Par ailleurs, la végétation est en relation étroite avec les gisements rocheux sur lesquels elle s'enracine. Tout botaniste qui se respecte doit donc s'intéresser à la géologie. Comme il n'est pas aisé de connaître le sous-sol d'une région, M. Bouchard a trouvé un moyen original d'y accéder sans manipuler un marteau-piqueur: aller à l'église!

Les églises en pierre des champs représentent une exposition géologique permanente, car elles ont été construites avec le matériau disponible sur place. "À Rockburn, on trouve une charmante église protestante en grès tandis qu'à Saint-Anicet les murs de la cathédrale d'inspiration byzantine sont en dolomie. Le même phénomène s'observe ailleurs. À l'église Saint-Viateur, à Outremont, la pierre est celle du mont Royal."

Le plus beau labo de l'UdeM
"Nous voici enfin dans le plus beau laboratoire de l'Université de Montréal", lance M. Bouchard au moment de mettre le pied dans la Réserve écologique du Boisé-des-Muir. Cette forêt de pruches, de hêtres et d'érables, qui n'a jamais connu l'outillerie des défricheurs, a déjà ébranlé les connaissances sur la végétation "naturelle" du sud du Québec. Avant la découverte de cette forêt, on croyait que l'érablière à caryers était dominante. Faux. La pruche, le hêtre et même le chêne étaient des essences presque communes à l'époque des colons.

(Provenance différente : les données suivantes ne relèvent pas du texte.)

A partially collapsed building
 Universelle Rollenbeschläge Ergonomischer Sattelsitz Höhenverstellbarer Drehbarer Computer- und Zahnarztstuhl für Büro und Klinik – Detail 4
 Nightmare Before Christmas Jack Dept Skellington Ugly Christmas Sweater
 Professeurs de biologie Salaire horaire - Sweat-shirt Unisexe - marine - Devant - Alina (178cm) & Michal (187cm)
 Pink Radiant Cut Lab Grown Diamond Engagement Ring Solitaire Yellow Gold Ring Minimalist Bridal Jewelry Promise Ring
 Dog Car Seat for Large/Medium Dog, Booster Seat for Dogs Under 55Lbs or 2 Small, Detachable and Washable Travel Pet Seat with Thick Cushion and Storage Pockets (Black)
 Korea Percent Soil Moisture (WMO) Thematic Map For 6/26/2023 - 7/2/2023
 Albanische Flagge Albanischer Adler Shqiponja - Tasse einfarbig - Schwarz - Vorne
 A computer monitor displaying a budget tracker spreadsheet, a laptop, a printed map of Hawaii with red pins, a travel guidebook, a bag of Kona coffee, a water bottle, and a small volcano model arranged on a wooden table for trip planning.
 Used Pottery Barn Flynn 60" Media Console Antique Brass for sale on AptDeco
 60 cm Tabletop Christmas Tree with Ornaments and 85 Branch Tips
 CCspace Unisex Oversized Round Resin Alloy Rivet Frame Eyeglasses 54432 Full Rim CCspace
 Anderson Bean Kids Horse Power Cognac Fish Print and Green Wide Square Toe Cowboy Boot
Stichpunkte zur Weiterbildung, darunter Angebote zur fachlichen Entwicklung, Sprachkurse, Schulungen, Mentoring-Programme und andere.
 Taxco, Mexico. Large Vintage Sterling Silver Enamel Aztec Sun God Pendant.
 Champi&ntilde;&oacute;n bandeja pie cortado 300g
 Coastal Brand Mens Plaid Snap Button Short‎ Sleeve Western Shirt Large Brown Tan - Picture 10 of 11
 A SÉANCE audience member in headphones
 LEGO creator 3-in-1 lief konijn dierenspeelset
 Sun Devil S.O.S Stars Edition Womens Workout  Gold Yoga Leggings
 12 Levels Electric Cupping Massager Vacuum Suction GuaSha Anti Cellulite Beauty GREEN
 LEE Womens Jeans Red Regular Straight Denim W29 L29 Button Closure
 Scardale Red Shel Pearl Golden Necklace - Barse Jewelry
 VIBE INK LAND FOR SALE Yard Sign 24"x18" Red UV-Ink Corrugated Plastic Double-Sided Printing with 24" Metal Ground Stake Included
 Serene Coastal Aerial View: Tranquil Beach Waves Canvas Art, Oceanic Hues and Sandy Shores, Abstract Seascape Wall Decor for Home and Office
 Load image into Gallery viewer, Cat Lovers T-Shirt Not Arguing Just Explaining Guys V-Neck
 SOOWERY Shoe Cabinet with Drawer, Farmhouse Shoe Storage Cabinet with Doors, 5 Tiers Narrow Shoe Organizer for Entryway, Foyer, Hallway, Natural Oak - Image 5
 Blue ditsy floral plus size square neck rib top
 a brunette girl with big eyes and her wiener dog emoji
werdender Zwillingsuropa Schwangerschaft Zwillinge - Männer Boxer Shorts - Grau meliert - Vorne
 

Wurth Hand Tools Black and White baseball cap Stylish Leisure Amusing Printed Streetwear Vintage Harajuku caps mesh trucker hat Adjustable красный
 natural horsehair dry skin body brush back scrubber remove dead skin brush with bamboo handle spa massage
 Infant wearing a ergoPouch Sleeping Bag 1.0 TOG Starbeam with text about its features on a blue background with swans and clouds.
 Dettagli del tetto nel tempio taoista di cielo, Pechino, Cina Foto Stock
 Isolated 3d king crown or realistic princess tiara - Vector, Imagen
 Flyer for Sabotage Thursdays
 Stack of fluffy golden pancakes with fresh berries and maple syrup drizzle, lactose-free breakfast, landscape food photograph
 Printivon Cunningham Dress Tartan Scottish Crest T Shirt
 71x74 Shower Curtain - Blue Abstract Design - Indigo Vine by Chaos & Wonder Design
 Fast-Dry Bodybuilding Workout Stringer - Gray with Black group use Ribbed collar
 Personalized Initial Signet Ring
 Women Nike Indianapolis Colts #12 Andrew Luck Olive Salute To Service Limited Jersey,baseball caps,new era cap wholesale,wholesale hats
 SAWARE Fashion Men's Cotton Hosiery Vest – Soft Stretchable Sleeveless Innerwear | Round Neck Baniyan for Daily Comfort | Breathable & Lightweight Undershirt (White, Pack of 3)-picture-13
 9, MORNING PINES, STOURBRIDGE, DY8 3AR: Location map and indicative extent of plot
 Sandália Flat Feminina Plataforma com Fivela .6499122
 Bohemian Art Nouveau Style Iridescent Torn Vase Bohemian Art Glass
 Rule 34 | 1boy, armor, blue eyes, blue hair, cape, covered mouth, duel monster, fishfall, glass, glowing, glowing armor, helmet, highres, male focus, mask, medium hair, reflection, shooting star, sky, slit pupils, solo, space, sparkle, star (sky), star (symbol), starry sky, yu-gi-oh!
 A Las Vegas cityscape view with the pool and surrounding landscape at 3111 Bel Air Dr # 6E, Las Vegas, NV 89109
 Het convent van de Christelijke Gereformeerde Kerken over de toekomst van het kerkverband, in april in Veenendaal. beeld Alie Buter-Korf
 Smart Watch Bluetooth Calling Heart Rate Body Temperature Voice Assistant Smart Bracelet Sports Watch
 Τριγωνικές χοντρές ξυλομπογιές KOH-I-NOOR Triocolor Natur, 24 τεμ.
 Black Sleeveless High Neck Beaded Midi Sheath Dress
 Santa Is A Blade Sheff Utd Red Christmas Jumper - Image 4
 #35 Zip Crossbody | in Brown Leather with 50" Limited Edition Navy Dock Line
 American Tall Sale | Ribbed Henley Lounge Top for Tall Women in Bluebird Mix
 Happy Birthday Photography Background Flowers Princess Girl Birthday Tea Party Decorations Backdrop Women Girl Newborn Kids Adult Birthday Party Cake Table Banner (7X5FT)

Quand le profane pénètre dans cette forêt, qui est déjà une vedette dans le monde botanique, rien de spécial ne lui saute aux yeux. Il ne peut pas voir que la majorité des arbres adultes ont atteint l'âge vénérable de deux ou trois siècles. Il ne peut pas voir non plus que la biomasse de cette forêt est plus lourde qu'ailleurs. Il peut tout juste remarquer quelques petits fanions témoignant de la présence de chercheurs.

En fait, chaque mètre carré de cette réserve écologique est cartographié, inventorié, analysé. Jusqu'à la quantité de lumière pénétrant sous le feuillage de juin, qui a été mesurée par une équipe de l'UQAM. La réserve compte 2000 arbres dont on connaît presque tout et qu'on suivra d'année en année dans différents projets de recherche.

Ce laboratoire à ciel ouvert était en place pour entamer des études sur un phénomène météorologique méconnu: le verglas. "Nous sommes venus ici au lendemain de la tempête de pluie verglaçante, relate André Bouchard. Anthropomorphistes, nous pensions que les individus les plus affectés seraient les vieux et les jeunes arbres. Erreur. Les vieux arbres ont très peu souffert de l'accumulation de glace. Les arbres de 10 centimètres de diamètre ont été les plus touchés."

D'un enthousiasme communicatif, M. Bouchard est intarissable à propos de cette forêt de 11 hectares découverte en 1988 par un de ses étudiants, Jacques Brisson. Les recherches ne font que commencer. On étudiera notamment la réitération (repousse) des arbres alourdis par le poids de la glace et qui sont demeurés arqués.

Aucune autre forêt connue date de l'époque précoloniale. Cela fait du boisé un endroit extrêmement précieux. Un problème de conscience apparaît cependant à l'horizon pour les chercheurs. Une cochenille menace la survie de plusieurs grands arbres. Comment réagir? Faudrait-il exterminer le parasite? Cela constituerait la première intervention humaine directe. "Nous avons le même problème avec la population de pins rigides, avoue M. Bouchard. Si un incendie de forêt survenait, la logique scientifique nous dicterait de ne pas envoyer de pompiers. En serons-nous capables?"